Un amigo regresa de sus vacaciones trasatlánticas, y lejos de mostrar la energía y la felicidad que irradiaba en las decenas de imágenes que compartió en redes sociales durante su viaje, su semblante es sombrío.
—Nunca me sentí tan solo en mi vida —confiesa con voz fúnebre.
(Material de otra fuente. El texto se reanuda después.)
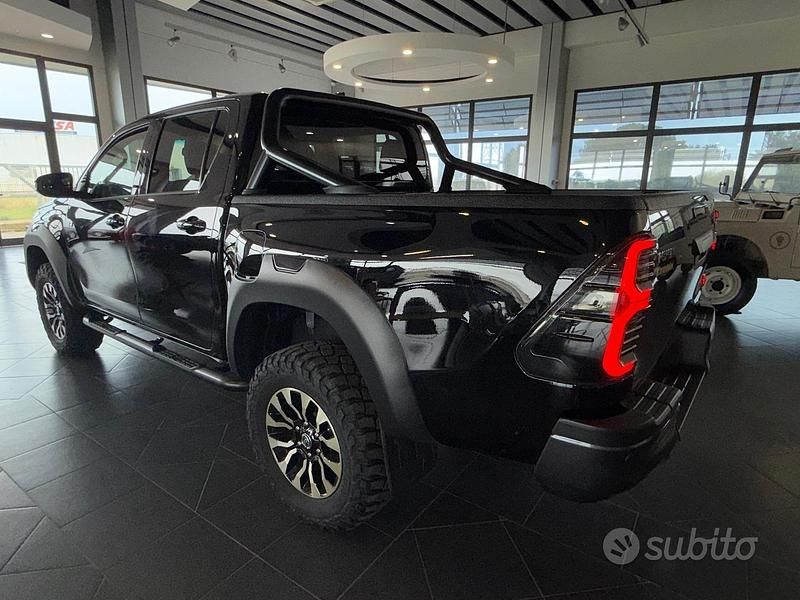 Usata Toyota HiLux Sport 204 CV (150 kW) 2024 Nero Pick-up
Pasada la primera semana fuera de casa, sus fuerzas lo abandonaron, hasta verse sentado en la banca de un parque, mochila a cuestas, hambriento, muerto de frío y sin entender ni una palabra de lo que decían los transeúntes en una ciudad cuyo nombre ni siquiera era capaz de pronunciar.
¿En qué momento la humanidad empezó a sentir tanta vergüenza de su sedentarismo?
Supongo que fue al descubrir que éramos capaces de sostener con nuestras propias manos el aparente colapso de la torre de Pisa y hacerlo público en “divertidas” fotografías. Desde entonces, no hubo marcha atrás. Instagram dio el banderazo de salida a la competencia de selfies en los lugares más exóticos como telón de fondo.
Hay una anécdota en mi familia que va a contracorriente de lo que acabo de relatar. Cada vez que se recuerda en las sobremesas, provoca el escarnio de la protagonista, quien al cumplir 15 años, sus padres quisieron regalarle un viaje a Francia.
—Prefiero un baño de tanque en Sacalá —fue la respuesta de la festejada.
Las risotadas nunca faltan al tachar de tercermundista a la pariente que veía más grandeza en zambullirse en aguas verdosas con sus amigas que en la majestuosidad de los Campos Elíseos.
La sociedad se ha dividido en dos grupos: de un lado, los sedentarios análogos; del otro, los nómadas digitales. Los del segundo grupo suelen tachar de faltos de mundo a los primeros, pues para ellos, tener “mundo” es recorrerlo literalmente de punta a punta. Tal como hizo en sus días Alejandro Magno, el gran conquistador, hasta que conoció a Diógenes, un viejo que vivía en un barril como el Chavo del 8, y no pudo más que envidiarlo, pues descubrió que la felicidad radica en nuestras propias fronteras, es decir, de la piel hacia adentro.